自分より強い人と対戦するうちに、段々と自分の実力が磨かれていくのがわかり、「非常に愉快」と語っています。

将棋に限らずアマチュア競技では、何より楽しむことが重要です。

少しずつ腕を上げていき、「愉快」と感じられれば理想的だと菊池は伝えたかったのでしょう。

菊池寛の死因は狭心症

1948年1月、文藝春秋社の鈴木氏亨専務が亡くなったことで、菊池は気力が弱っていました。

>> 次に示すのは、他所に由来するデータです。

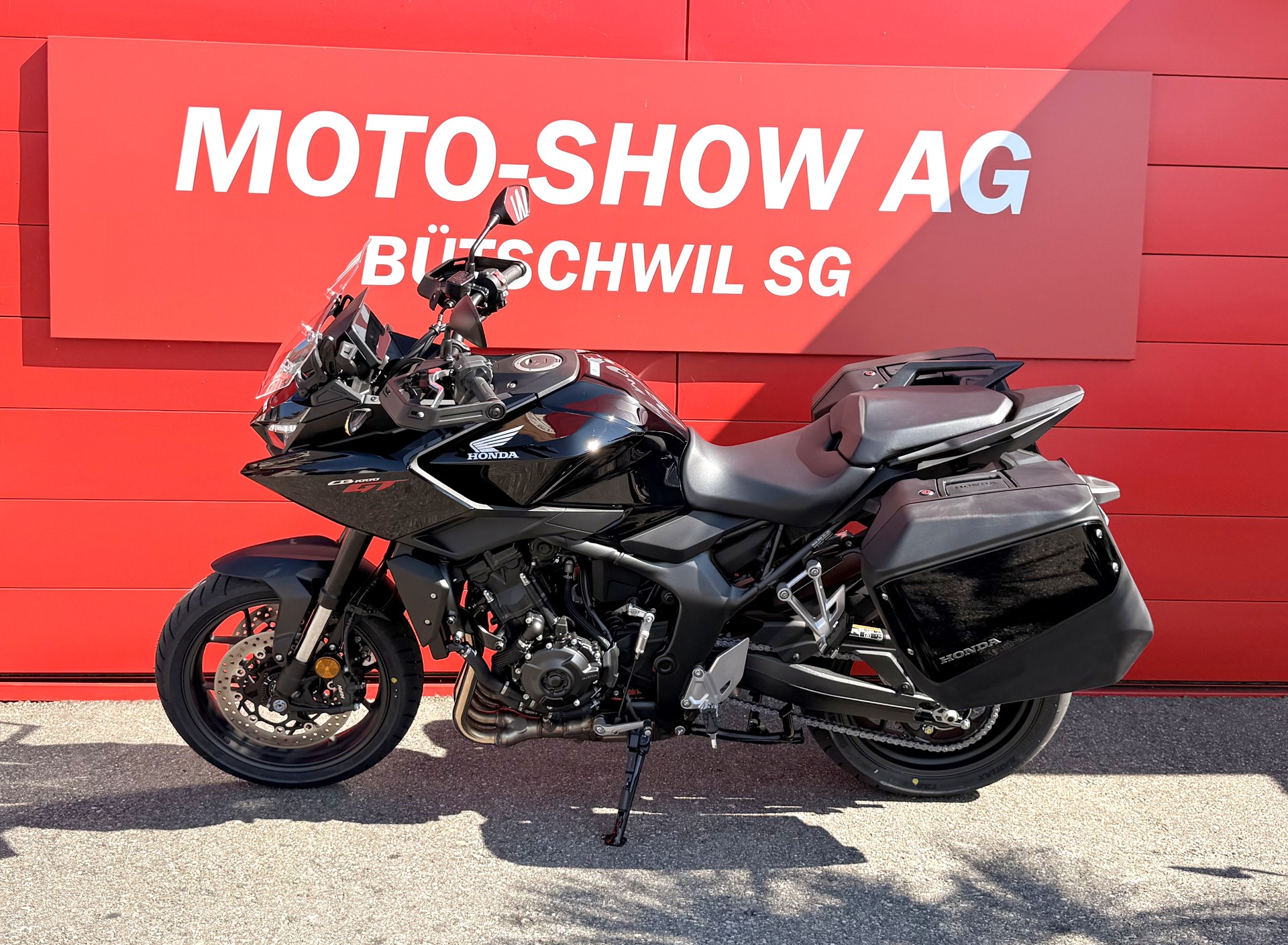 HONDA CB 1000 GT-showroom-element-3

その後、新橋駅付近のレストランで食べたビフテキや豚カツがおいしく、気力を回復。

料理を気に入った菊池は、何と3日連続で同じレストランに通い、大いに食事を楽しみました。

結果的に胃腸を壊してしまい、数日間は嘔吐が続いてひどく衰弱します。

2週間ほど経つと、ようやく食事をとれるようになりました。

3月6日、友人や主治医を自宅に集め全快祝いを開催し、寿司を食べました。


しかし2階へ上がった途端、狭心症を起こし倒れ、「英樹」と息子を読んだのを最後に急死。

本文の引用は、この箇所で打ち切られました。